Five Ways Textbooks Lie About Reconstruction 

By Mimi Eisen

Illustrator: Howard Barry

With “sufficient general agreement and determination among the dominant classes, the truth of history may be utterly distorted and contradicted and changed to any convenient fairy tale,” wrote the great scholar W. E. B. Du Bois in 1935, critiquing the Reconstruction “scholarship” of the Jim Crow era. “One cannot study Reconstruction without first frankly facing the facts of universal lying.”

In the era of emancipation, formerly enslaved people and their allies claimed political power once reserved for white elites, organized self-defense groups against white vigilantes, drafted new laws to redistribute wealth and extend civil rights, protested for better working conditions, founded school systems and won battles against segregation, built churches and mutual aid organizations, and advanced the possibilities of multiracial democracy by leaps and bounds. They challenged the levers of white supremacy across all areas of life and came closer than ever to dislodging them. 

This was an era of extraordinary possibilities and progress for racial justice. But white supremacists responded with devastating campaigns against Black power and independence.

The consequences of Reconstruction and its undoing still ripple through structural disparities and justice movements today. When students learn this history, they can better understand the world they inherited and recognize their own roles in history-making. They can see that progress toward an equitable future — and against long-standing traditions of racial capitalism — is always hard-fought and won through grassroots activism and mutual care. They will know that freedoms are not guaranteed and must be championed and protected by each new generation.

But today, most textbooks omit these facts in favor of whitewashed myths — many of the same “fairy tales” Du Bois decried in 1935 — that promote the status quo and distance students from the lessons of history. Some reveal a celebratory spin right away, their covers emblazoned with titles like Becoming America, The American Journey, The American Pageant, or Understanding the American Promise. Most unfold their triumphs over several hundred pages, recounting U.S. history as a long victory march from enslavement to the myth of a post-racial present. The radical promise — and crushing — of Reconstruction shatters this narrative of steady progress. Textbooks warp the era accordingly. 

In 2022, the Zinn Education Project released a report on Reconstruction’s place in social studies standards. Now, we offer a critique of how textbooks miss the mark in five ways:

1. Textbooks center Confederate states and ex-Confederates.

The Reconstruction section of Holt McDougal’s United States History: Beginnings to 1877 opens with a prompt: “If YOU were there . . .” The text urges students to imagine themselves as former Confederate soldiers traveling the South and witnessing, with dismay, the destruction of “plantation manor homes.” This narrative encourages students to view Reconstruction from the perspectives of those who fought to preserve enslavement. The main narrative begins below, introducing Reconstruction as the federal government’s “problem of dealing with the defeated southern states.”

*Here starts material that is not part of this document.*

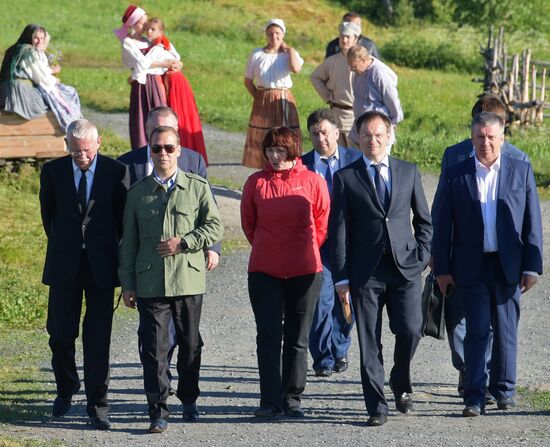 Prime Minister Dmitry medvedev visits Republic of Karelia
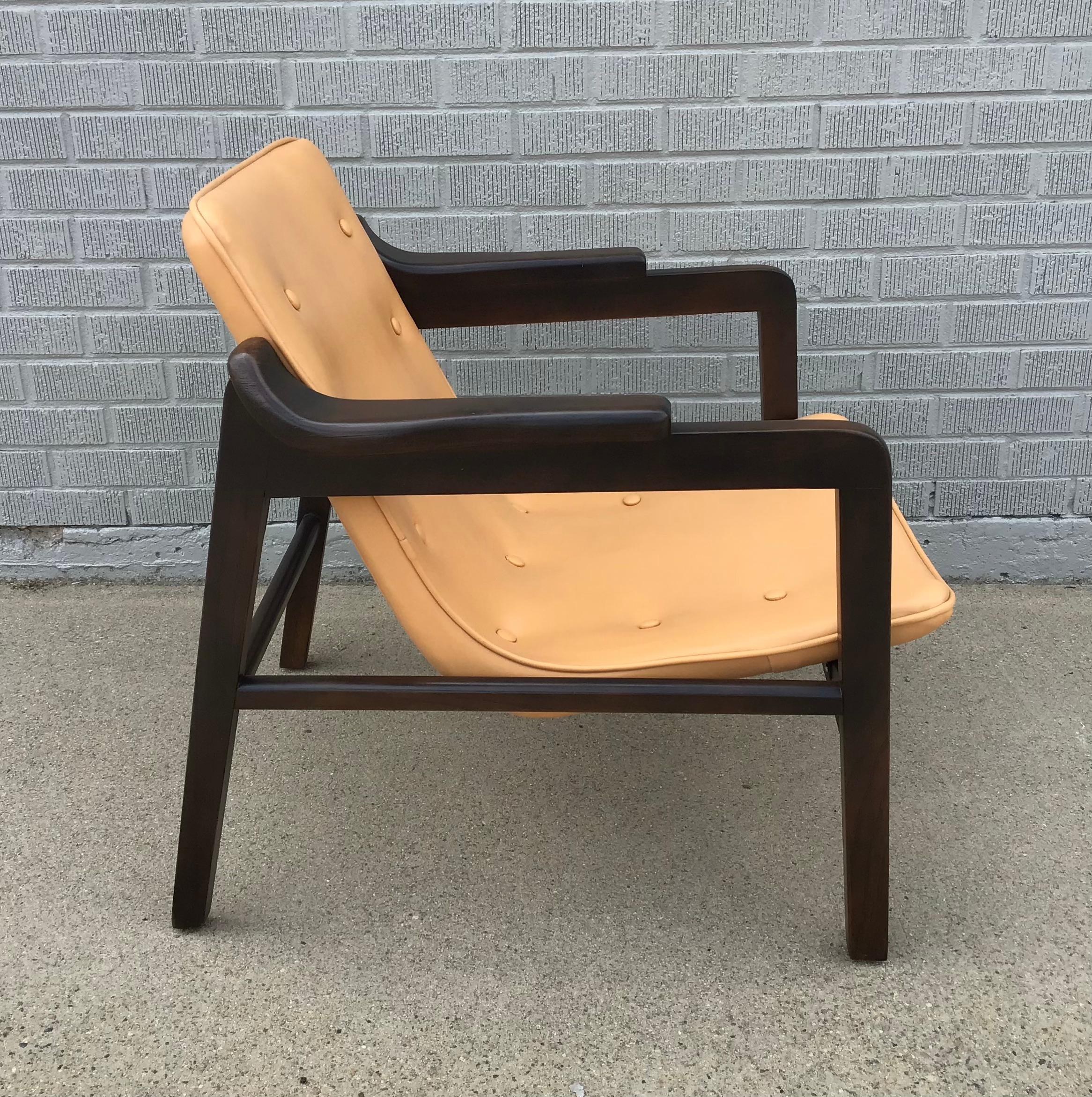 Chaise de cheminée du milieu du 20e siècle attribuée à Tove & Edvard Kindt-Larsen en vente 2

United States History: Beginnings to 1877 (Holt McDougal)

This page alone is a stark example of what most textbooks do, but shouldn’t: amplify discrete perspectives of white political figures and former soldiers in the aftermath of the Civil War. They narrow its focus, often establishing Reconstruction as a series of clashes between President Andrew Johnson and Congress to readmit the rebel states — or as the daunting task ahead of ex-Confederates to rebuild the war-torn South without slavery.

Meanwhile, as Lerone Bennett Jr. chronicled in Black Power U.S.A., “Black people were busy building institutions that were dangerous to the peace of biased white men.” They were ignoring orders from ex-Confederates; meeting in courthouses and fields to plan election strategies; gathering for picnics and parades; observing trials and debating legal issues; determining school subjects and teachers; establishing newspapers that brimmed with short stories, poetry, and advertisements for community events; and shaping the meaning of freedom in myriad other ways. But textbooks rarely characterize the 1860s by this rebuilding. They do not tell students that Reconstruction was a revolution to create a more just society from the ground up, or how many issues and movements today have roots in that struggle.

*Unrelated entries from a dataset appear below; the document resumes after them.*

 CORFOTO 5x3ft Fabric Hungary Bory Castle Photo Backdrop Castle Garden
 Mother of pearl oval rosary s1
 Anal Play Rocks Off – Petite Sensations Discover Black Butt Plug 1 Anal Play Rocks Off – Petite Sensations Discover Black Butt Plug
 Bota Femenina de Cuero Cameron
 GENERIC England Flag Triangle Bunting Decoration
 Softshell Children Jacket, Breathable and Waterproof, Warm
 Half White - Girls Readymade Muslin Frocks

2. Textbooks treat white people as subjects and Black people as objects.

Textbooks often glorify white actors and dehumanize Black people, grounding their identities in enslavement. Prentice Hall’s United States History: Reconstruction to the Present, for instance, introduces “The Challenges of Reconstruction” as “How to Reunify the Union,” “How to Rebuild the Southern Economy,” and “How to Extend Citizenship to African Americans.” This language casts Black people as objects — of the economy, of the federal government, of certain white people — rather than subjects themselves and agents of freedom. This story’s protagonist is the federal government, which “struggled with how to return the 11 southern states to the Union, rebuild the South’s ruined economy, and promote the rights of former slaves.” Many textbooks spin a similar top-down tale, focusing on entire states or government institutions. 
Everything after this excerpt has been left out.